— Task data —
■ ■ ■ ■ ■
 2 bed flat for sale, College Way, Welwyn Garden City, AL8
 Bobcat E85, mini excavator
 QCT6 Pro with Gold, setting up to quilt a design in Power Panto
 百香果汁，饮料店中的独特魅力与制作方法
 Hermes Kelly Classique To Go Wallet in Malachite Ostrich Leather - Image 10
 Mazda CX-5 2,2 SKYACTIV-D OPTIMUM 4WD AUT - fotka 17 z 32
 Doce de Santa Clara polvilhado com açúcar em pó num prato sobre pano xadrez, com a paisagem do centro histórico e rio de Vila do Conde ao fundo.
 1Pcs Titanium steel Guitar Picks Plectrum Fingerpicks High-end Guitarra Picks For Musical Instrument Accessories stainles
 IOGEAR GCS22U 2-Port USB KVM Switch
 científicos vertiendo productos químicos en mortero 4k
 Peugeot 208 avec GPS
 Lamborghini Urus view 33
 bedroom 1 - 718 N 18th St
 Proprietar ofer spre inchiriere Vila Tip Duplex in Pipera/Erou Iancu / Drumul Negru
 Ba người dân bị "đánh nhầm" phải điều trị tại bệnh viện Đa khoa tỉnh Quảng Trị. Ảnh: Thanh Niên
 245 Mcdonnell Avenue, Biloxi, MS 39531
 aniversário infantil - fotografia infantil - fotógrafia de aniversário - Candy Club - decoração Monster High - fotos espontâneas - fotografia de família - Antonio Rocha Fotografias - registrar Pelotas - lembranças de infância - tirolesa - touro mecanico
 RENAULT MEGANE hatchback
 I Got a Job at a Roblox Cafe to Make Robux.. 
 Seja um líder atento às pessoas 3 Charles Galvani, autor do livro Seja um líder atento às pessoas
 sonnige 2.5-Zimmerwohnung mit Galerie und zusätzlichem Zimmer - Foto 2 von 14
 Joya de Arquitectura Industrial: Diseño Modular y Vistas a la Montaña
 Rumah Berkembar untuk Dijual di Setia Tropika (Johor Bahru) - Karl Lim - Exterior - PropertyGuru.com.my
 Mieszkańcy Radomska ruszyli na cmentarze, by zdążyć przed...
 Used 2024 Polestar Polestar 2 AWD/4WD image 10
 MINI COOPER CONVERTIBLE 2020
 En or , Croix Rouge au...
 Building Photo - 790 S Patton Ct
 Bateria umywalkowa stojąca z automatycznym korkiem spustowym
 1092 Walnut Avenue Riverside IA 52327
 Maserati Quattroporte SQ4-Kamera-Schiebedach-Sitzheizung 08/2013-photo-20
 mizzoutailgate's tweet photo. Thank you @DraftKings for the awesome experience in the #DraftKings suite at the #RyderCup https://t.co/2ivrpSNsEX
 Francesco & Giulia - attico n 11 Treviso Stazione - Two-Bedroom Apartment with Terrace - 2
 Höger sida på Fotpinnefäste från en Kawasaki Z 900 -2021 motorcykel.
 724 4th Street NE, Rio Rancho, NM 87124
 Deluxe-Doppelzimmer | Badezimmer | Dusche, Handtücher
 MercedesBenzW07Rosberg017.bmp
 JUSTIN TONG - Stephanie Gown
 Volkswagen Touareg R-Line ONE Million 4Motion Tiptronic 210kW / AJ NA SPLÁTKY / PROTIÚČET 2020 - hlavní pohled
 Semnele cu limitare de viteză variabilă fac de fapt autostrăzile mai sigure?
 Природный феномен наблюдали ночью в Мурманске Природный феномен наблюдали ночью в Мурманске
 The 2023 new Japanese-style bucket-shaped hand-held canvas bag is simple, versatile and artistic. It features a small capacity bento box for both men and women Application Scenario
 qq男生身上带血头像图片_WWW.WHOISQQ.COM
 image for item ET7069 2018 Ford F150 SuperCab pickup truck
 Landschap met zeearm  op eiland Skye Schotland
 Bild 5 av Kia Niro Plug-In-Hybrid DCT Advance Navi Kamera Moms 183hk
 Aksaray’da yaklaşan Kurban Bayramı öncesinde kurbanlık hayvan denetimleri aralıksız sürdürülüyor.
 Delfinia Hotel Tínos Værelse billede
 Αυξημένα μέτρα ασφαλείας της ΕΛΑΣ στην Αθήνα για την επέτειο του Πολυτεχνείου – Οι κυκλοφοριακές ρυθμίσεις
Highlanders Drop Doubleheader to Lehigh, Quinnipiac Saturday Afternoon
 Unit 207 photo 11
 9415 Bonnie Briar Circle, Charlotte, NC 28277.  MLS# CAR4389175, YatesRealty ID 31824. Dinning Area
■ ■ ■ ■ ■
— About this task —
Set down precisely the lines above between the line holding "Doce de Santa" and the line holding "bedroom 1 - 718 N 18th St", inclusive, and nothing beyond them.

— Output for this task —
 Doce de Santa Clara polvilhado com açúcar em pó num prato sobre pano xadrez, com a paisagem do centro histórico e rio de Vila do Conde ao fundo.
 1Pcs Titanium steel Guitar Picks Plectrum Fingerpicks High-end Guitarra Picks For Musical Instrument Accessories stainles
 IOGEAR GCS22U 2-Port USB KVM Switch
 científicos vertiendo productos químicos en mortero 4k
 Peugeot 208 avec GPS
 Lamborghini Urus view 33
 bedroom 1 - 718 N 18th St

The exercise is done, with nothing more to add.